Others who would be more centrist include former Colorado governor John Hickenlooper, Montana Gov. Steve Bullock, former Virginia governor Terry McAuliffe and former New York mayor Michael Bloomberg. Others such as former San Antonio mayor Julián Castro or South Bend, Ind., Mayor Pete Buttigieg offer appeals to key constituencies — Hispanics for Castro, young voters for Buttigieg.
Sen. Sherrod Brown (Ohio) is testing his appeal this weekend in Iowa. His progressive credentials are unquestioned and yet he has been cautious in embracing some of the planks that other progressives have adopted. Brown is a labor Democrat, attuned to the sensibilities of working-class voters in the industrial and upper Midwest. His is a reminder all progressives are not the same.
The debate over health care is one example of a slogan in search of a policy, and within the party there are a variety of views about how to improve the system, many of which fall short of a government takeover of the insurance industry.
When Harris was asked at a CNN town hall in Iowa last week whether Medicare-for-all meant an end to private insurance, she said it would, and the ease with which she answered in the affirmative caught many Democrats short. When he joined the race on Friday, Sen. Cory Booker (N.J.) said he would not be calling for an end to private insurance. Harris has since said she is open to other ways of achieving the same goal but stands by her main proposal.
So there is a debate brewing on health care, and what sounds good in stump speeches will not be adequate when candidates are closely questioned on their ideas. Is the party’s consensus one that calls for a government takeover of health care or one that calls for strengthening the Affordable Care Act by adding a public option? That’s the debate that’s coming.
The Green New Deal is another example. In one of its most expansive forms, it would call for 100 percent renewable energy by 2030. Some labor Democrats fear the impact of such a dramatic change in just a decade would hurt union workers in the energy industry. The Green New Deal is a compelling slogan in a campaign stump speech, but as one Democratic policy analyst said, few people really know what it means. Presidential candidates will need concrete answers in the months ahead.

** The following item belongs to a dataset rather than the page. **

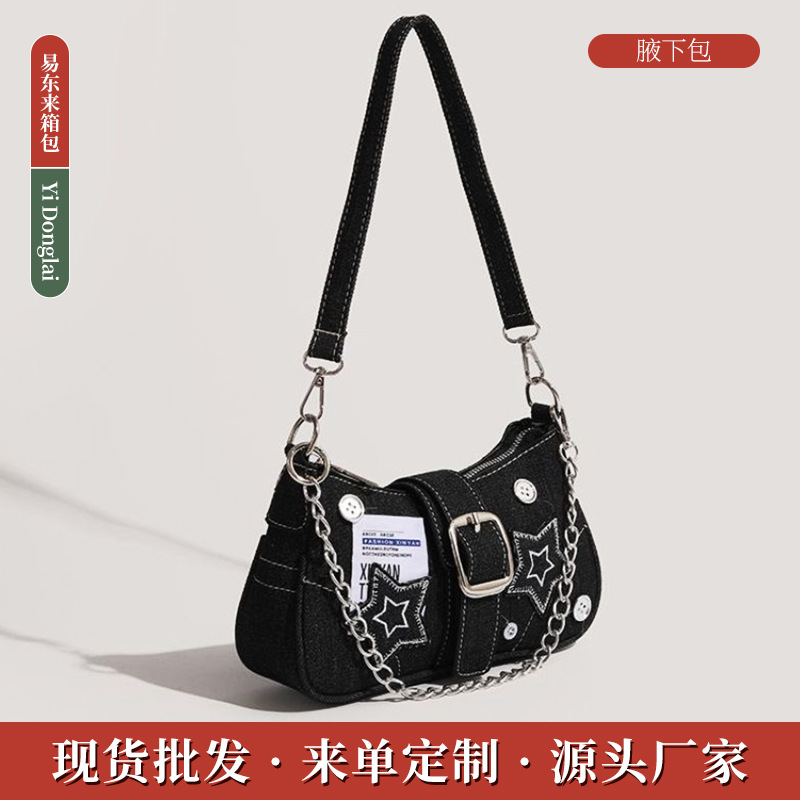 辣妹星星牛仔腋下包新款时尚潮流Y2K千禧辣妹月牙包帆布手提包链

The 2018 elections provide some answer to where the party’s voters stand, and that is in favor of candidates who can win. In urban districts like Ocasio-Cortez’s, the party’s progressive wing triumphed. In other, more competitive districts, more mainstream Democrats were prized by primary voters. Electability as much or more than positions on issues helped determine who the Democrats would nominate for competitive Republican-held seats.
Will that be the case when it comes to picking a nominee to take on Trump? Issues weren’t unimportant in 2018; many Democratic candidates successfully attacked incumbent Republicans on the issue of preexisting conditions. But the real motivating force among many Democratic voters was the desire to clip the wings of the president by driving out the Republican majority in the House.
The backlash against Schultz’s potential independent candidacy is evidence that defeating Trump is the main goal of many Democrats. Still, Republicans could be correct that the Democratic nomination contest will turn into an expensive bidding war that will make the eventual nominee’s task of winning more difficult.
Right now, things might seem easy. There are plenty of applause lines to be had with broad statements that touch the concerns of the voters. In the coming months, the candidates will be asked to go beneath those top-line appeals, at which point the debate about the future of the Democrats will be joined. That is something the party should welcome, but it will surely test the candidates and the voters as well.